[Data items]

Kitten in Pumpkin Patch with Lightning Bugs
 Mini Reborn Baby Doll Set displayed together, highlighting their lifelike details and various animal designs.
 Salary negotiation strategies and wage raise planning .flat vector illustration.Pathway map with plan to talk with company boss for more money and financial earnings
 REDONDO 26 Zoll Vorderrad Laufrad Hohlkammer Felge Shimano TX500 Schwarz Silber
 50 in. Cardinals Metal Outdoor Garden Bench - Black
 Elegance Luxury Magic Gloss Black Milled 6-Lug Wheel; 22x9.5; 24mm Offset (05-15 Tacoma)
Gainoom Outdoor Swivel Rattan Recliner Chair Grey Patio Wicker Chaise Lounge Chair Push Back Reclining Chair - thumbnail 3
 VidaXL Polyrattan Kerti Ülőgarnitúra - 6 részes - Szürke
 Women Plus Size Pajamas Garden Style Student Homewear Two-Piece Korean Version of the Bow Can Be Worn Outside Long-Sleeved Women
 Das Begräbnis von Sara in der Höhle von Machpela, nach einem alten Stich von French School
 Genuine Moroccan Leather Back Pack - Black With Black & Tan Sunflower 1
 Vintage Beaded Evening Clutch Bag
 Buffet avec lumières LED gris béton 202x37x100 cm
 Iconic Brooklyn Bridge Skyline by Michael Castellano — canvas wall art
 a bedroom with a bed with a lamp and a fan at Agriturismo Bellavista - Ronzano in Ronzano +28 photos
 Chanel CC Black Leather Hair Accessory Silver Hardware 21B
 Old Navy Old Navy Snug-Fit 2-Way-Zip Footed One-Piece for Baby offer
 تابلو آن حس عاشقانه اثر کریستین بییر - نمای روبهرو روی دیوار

◆ WHAT YOU HAVE TO DO
What you write must be the entries restated word for word, from the opening line through the one holding "Women Plus Size", with nothing else.

◆ OUTPUT FOR THIS TASK
Kitten in Pumpkin Patch with Lightning Bugs
 Mini Reborn Baby Doll Set displayed together, highlighting their lifelike details and various animal designs.
 Salary negotiation strategies and wage raise planning .flat vector illustration.Pathway map with plan to talk with company boss for more money and financial earnings
 REDONDO 26 Zoll Vorderrad Laufrad Hohlkammer Felge Shimano TX500 Schwarz Silber
 50 in. Cardinals Metal Outdoor Garden Bench - Black
 Elegance Luxury Magic Gloss Black Milled 6-Lug Wheel; 22x9.5; 24mm Offset (05-15 Tacoma)
Gainoom Outdoor Swivel Rattan Recliner Chair Grey Patio Wicker Chaise Lounge Chair Push Back Reclining Chair - thumbnail 3
 VidaXL Polyrattan Kerti Ülőgarnitúra - 6 részes - Szürke
 Women Plus Size Pajamas Garden Style Student Homewear Two-Piece Korean Version of the Bow Can Be Worn Outside Long-Sleeved Women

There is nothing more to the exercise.